The Taste section's column is always authored by food editor Michelle Stark, except ... when she's on her honeymoon! So I'm happily filling in for my colleague and friend until she returns.
When planning this section, we wanted to focus on flexibility. It's something we deal with daily in our kitchens, but being flexible can be even more challenging for special occasions when people have beloved expectations. I have certainly felt that pressure. One Thanksgiving taught me the folly of that.
About six years ago, when my son was in law school and couldn't come here for the holiday, I decided to visit him. He said "great," but only if I didn't cook; we would dine out.
Ann Arbor's charming downtown was an easy walk from his apartment even with freezing winds, and we strolled around looking for a restaurant. Not a single one was open. Even the bodegas were closed. We hit the back streets and found one lone restaurant open for business. It was the $7.95 Indian Buffet. The spread wasn't huge, perhaps six steam-tray items including curried chicken, vegetables, the spinach and cheese dish called saag paneer, rice and naan.
Colin was almost paralyzed with embarrassment, and wouldn't stop apologizing. Finally I said, "We have had many Thanksgivings together, all wonderful, but they have all been so similar. This is the one I will always cherish as unique."
I looked around at the other diners in the small room, 20 or so. They were a mix of ages and ethnicities. I began softly singing We Gather Together, the hymn our family always sings on Thanksgiving. Colin started laughing and then others started joining in on the song. It became a merry meal after that, trading stories about ourselves, much lifting of water glasses in toasts.

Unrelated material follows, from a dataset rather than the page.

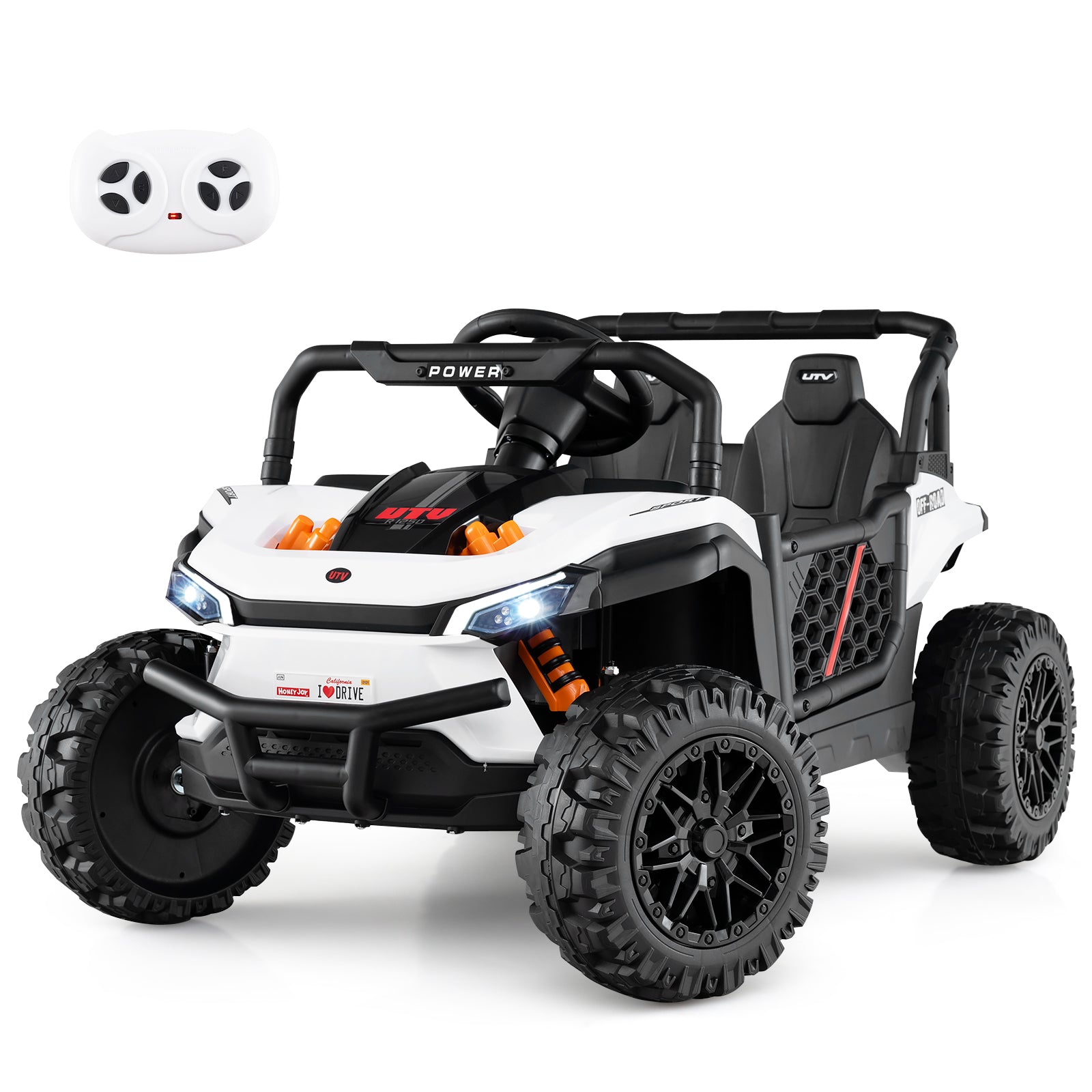 Toy off-road vehicle with remote control on a white background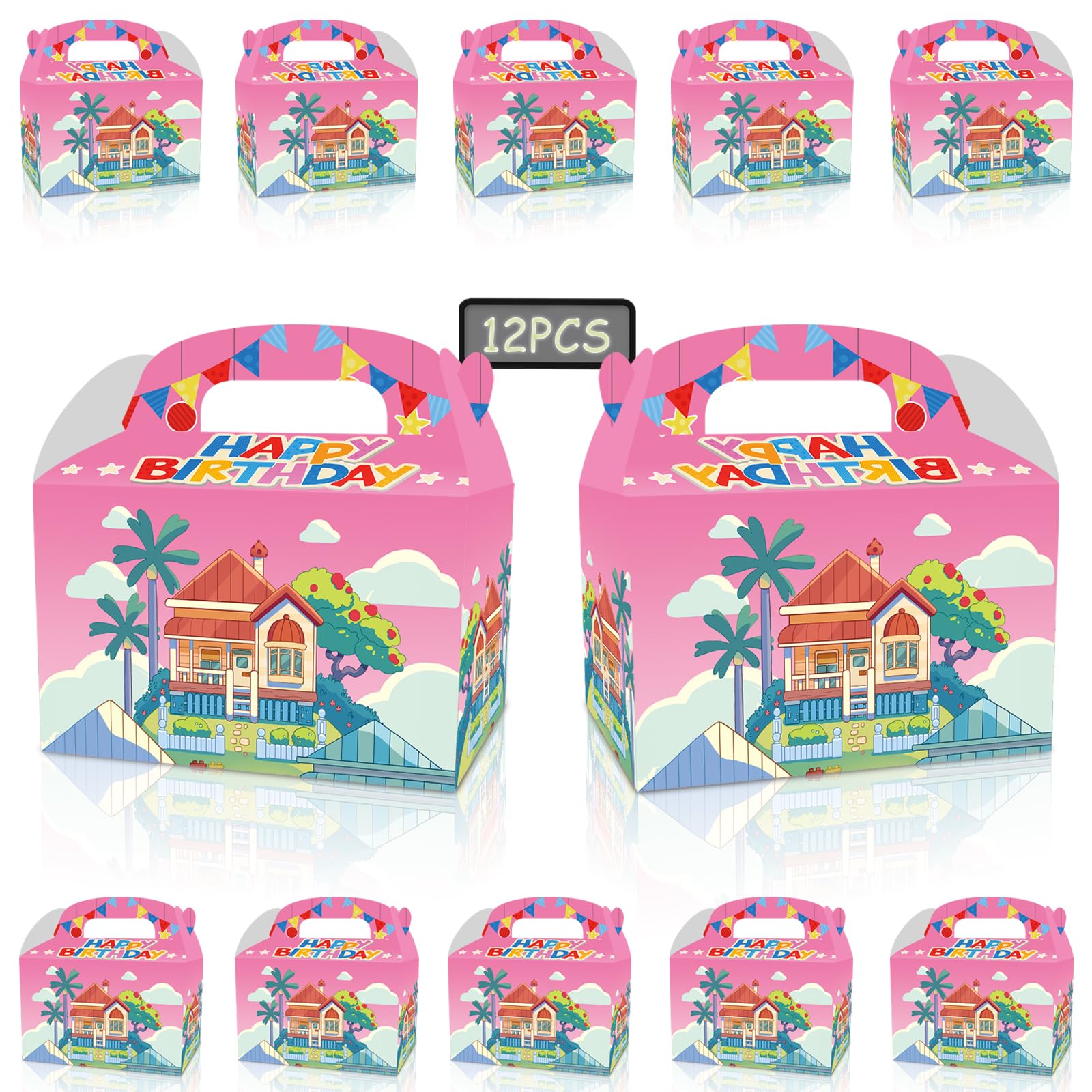 YOOUUQIAN Cartoon Blue Dog Party Supplies – 12-Pack Candy Boxes For Kids Birthday Decorations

Was it my best Thanksgiving meal? No. Was it a great Thanksgiving? Yes. I shared it with dear people and, most important, one of those I love most in the world.
This week's recipe
In tribute to that Thanksgiving memory, here's a curry recipe, though it's Thai not Indian. The most important components are the green curry paste and unsweetened coconut milk. I have made the sauce using just those ingredients with a splash of soy or fish sauce. The Asian ingredients are available in most supermarkets but the curry paste flavor varies by brand; some are blander than others so you may need to adjust amounts accordingly. If you can't find fish sauce or can't abide its funkiness, substitute soy sauce (though it won't give you as much depth of flavor). If I have the time, I like to jazz up the basic soup with more ingredients, and here's that version. Lemon and lime peel are substituted for harder-to-find kaffir lime leaves and fresh lemongrass.
Optional: Use leftover Thanksgiving turkey or poach chicken, seafood, vegetables or tofu in the soup, and serve with rice or noodles.